▶ _Work request_: Copy nothing but the lines below running from the line containing "Property photo of" through the line containing "Petrolio, Boschi: Pronta", both end lines included.

═════ Given data

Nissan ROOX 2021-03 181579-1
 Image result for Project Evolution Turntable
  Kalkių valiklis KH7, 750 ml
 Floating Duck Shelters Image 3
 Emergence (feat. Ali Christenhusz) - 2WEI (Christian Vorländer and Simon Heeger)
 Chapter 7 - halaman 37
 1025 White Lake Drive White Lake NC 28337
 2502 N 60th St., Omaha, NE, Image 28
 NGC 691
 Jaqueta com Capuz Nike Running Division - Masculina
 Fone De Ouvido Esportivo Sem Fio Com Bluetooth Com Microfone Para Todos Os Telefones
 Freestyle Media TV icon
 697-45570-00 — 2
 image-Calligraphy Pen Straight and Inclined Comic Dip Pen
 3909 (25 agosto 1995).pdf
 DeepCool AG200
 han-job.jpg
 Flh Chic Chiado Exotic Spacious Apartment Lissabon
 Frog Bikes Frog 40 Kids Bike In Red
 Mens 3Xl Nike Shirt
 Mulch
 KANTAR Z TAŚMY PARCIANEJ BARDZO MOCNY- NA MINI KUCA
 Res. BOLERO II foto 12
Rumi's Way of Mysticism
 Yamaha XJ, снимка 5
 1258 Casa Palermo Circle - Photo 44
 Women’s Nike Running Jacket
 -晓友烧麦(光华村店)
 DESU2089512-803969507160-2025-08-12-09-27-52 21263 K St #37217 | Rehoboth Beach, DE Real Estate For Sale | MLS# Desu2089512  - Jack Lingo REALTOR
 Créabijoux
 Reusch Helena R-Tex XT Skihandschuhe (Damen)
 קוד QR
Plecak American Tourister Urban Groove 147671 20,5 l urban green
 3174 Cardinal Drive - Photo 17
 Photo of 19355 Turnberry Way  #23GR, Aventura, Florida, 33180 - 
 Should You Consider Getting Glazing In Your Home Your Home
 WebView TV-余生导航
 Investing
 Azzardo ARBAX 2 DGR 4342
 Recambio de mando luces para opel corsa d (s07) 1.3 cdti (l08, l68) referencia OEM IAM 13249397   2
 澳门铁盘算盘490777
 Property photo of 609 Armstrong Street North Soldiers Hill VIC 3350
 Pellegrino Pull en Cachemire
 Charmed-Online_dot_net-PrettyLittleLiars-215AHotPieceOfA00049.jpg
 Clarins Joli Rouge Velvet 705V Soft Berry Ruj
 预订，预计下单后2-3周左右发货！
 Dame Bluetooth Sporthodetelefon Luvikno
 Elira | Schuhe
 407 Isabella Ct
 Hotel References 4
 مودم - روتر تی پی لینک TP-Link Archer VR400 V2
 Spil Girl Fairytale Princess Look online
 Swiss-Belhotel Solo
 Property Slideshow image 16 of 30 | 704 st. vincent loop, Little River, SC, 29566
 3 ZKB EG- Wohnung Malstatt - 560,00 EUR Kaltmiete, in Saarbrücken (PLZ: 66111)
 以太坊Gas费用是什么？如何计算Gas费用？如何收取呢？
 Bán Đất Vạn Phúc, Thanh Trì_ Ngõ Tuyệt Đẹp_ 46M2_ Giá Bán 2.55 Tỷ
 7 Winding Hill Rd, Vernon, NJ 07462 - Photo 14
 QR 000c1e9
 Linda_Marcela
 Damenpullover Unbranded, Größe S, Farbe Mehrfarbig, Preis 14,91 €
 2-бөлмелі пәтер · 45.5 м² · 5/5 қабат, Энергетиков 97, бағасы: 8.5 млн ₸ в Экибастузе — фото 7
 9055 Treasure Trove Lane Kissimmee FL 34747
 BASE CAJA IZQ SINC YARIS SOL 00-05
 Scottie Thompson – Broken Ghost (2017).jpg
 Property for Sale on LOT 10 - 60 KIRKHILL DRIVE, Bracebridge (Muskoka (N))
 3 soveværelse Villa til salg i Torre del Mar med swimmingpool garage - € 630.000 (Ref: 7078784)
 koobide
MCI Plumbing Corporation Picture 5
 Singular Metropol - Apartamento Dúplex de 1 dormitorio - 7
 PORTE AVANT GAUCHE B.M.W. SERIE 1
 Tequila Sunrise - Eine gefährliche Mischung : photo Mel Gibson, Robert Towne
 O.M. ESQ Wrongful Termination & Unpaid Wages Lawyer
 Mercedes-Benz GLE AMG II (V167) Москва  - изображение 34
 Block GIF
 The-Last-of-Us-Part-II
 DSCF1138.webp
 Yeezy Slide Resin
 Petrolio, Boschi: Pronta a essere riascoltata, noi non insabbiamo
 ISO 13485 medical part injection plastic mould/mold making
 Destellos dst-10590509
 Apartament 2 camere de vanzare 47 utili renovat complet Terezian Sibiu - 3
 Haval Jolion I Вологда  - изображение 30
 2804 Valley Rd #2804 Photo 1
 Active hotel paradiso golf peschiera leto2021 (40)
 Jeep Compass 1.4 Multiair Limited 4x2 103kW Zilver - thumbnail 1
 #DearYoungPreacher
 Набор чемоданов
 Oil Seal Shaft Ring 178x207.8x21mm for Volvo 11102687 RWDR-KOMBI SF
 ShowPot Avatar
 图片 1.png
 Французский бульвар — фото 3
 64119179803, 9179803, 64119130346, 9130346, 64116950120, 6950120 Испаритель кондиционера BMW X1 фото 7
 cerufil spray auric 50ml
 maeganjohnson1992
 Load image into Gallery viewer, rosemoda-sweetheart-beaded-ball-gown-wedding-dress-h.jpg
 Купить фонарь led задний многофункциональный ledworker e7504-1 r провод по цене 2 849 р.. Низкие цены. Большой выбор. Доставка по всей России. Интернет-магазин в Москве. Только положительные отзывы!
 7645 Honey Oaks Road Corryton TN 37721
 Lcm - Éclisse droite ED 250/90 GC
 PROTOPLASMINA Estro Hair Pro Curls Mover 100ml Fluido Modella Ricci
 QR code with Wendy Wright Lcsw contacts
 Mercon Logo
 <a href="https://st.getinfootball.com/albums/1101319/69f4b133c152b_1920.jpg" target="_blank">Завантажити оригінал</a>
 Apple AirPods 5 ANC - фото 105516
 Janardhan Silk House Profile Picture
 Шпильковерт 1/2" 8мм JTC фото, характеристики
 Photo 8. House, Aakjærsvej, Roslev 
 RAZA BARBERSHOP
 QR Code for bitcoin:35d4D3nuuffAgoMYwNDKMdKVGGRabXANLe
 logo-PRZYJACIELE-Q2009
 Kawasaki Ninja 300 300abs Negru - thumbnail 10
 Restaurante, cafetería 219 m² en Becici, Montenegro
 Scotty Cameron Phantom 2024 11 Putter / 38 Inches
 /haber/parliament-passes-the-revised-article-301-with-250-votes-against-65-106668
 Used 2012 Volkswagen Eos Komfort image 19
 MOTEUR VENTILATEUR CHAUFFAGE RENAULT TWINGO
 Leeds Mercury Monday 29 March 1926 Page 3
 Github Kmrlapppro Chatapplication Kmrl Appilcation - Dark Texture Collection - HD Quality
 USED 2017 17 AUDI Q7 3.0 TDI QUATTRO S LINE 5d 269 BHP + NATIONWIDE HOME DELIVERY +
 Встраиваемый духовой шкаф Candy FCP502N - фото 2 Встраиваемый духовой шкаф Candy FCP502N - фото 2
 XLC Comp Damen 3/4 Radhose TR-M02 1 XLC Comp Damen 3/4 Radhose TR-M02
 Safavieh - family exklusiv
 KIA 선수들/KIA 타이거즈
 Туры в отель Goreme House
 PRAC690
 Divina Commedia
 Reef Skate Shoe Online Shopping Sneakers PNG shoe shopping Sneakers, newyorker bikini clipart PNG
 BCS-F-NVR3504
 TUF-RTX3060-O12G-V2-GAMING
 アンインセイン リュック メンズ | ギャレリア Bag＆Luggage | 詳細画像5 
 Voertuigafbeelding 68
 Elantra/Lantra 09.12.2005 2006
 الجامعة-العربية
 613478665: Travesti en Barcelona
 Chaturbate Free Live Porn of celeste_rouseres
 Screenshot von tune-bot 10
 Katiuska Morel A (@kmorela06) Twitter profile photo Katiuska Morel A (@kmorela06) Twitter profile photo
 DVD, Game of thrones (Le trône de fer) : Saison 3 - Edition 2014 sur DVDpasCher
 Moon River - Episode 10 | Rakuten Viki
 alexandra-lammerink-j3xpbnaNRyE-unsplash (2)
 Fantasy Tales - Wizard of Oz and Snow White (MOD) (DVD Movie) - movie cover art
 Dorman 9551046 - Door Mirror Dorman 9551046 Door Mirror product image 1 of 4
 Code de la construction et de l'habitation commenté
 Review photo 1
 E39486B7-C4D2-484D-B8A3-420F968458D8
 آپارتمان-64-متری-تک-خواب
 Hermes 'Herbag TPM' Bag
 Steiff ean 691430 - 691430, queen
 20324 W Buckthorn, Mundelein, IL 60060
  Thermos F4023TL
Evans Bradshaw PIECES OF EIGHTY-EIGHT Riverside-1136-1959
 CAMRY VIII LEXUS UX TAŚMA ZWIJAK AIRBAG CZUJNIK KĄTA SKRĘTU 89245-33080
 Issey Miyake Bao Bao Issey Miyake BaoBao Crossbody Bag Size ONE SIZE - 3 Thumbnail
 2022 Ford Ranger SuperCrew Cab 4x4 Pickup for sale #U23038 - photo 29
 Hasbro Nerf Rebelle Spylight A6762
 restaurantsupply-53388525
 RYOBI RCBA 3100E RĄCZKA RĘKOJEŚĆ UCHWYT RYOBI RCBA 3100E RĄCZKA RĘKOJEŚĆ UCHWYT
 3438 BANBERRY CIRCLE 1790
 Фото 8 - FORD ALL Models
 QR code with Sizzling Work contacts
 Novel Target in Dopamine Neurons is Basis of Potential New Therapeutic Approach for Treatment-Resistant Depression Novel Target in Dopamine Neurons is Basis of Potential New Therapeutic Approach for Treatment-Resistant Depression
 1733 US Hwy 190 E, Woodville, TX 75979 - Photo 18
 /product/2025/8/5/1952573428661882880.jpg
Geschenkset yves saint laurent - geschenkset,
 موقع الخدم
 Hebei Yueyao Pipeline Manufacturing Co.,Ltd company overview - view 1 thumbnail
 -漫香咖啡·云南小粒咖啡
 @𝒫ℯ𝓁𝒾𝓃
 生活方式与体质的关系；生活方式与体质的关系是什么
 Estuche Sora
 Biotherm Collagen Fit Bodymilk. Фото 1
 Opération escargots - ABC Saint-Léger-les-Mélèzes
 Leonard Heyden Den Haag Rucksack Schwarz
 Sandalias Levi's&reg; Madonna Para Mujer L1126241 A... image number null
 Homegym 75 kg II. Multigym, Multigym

══════════

▶ _Response area_:
 Property photo of 609 Armstrong Street North Soldiers Hill VIC 3350
 Pellegrino Pull en Cachemire
 Charmed-Online_dot_net-PrettyLittleLiars-215AHotPieceOfA00049.jpg
 Clarins Joli Rouge Velvet 705V Soft Berry Ruj
 预订，预计下单后2-3周左右发货！
 Dame Bluetooth Sporthodetelefon Luvikno
 Elira | Schuhe
 407 Isabella Ct
 Hotel References 4
 مودم - روتر تی پی لینک TP-Link Archer VR400 V2
 Spil Girl Fairytale Princess Look online
 Swiss-Belhotel Solo
 Property Slideshow image 16 of 30 | 704 st. vincent loop, Little River, SC, 29566
 3 ZKB EG- Wohnung Malstatt - 560,00 EUR Kaltmiete, in Saarbrücken (PLZ: 66111)
 以太坊Gas费用是什么？如何计算Gas费用？如何收取呢？
 Bán Đất Vạn Phúc, Thanh Trì_ Ngõ Tuyệt Đẹp_ 46M2_ Giá Bán 2.55 Tỷ
 7 Winding Hill Rd, Vernon, NJ 07462 - Photo 14
 QR 000c1e9
 Linda_Marcela
 Damenpullover Unbranded, Größe S, Farbe Mehrfarbig, Preis 14,91 €
 2-бөлмелі пәтер · 45.5 м² · 5/5 қабат, Энергетиков 97, бағасы: 8.5 млн ₸ в Экибастузе — фото 7
 9055 Treasure Trove Lane Kissimmee FL 34747
 BASE CAJA IZQ SINC YARIS SOL 00-05
 Scottie Thompson – Broken Ghost (2017).jpg
 Property for Sale on LOT 10 - 60 KIRKHILL DRIVE, Bracebridge (Muskoka (N))
 3 soveværelse Villa til salg i Torre del Mar med swimmingpool garage - € 630.000 (Ref: 7078784)
 koobide
MCI Plumbing Corporation Picture 5
 Singular Metropol - Apartamento Dúplex de 1 dormitorio - 7
 PORTE AVANT GAUCHE B.M.W. SERIE 1
 Tequila Sunrise - Eine gefährliche Mischung : photo Mel Gibson, Robert Towne
 O.M. ESQ Wrongful Termination & Unpaid Wages Lawyer
 Mercedes-Benz GLE AMG II (V167) Москва  - изображение 34
 Block GIF
 The-Last-of-Us-Part-II
 DSCF1138.webp
 Yeezy Slide Resin
 Petrolio, Boschi: Pronta a essere riascoltata, noi non insabbiamo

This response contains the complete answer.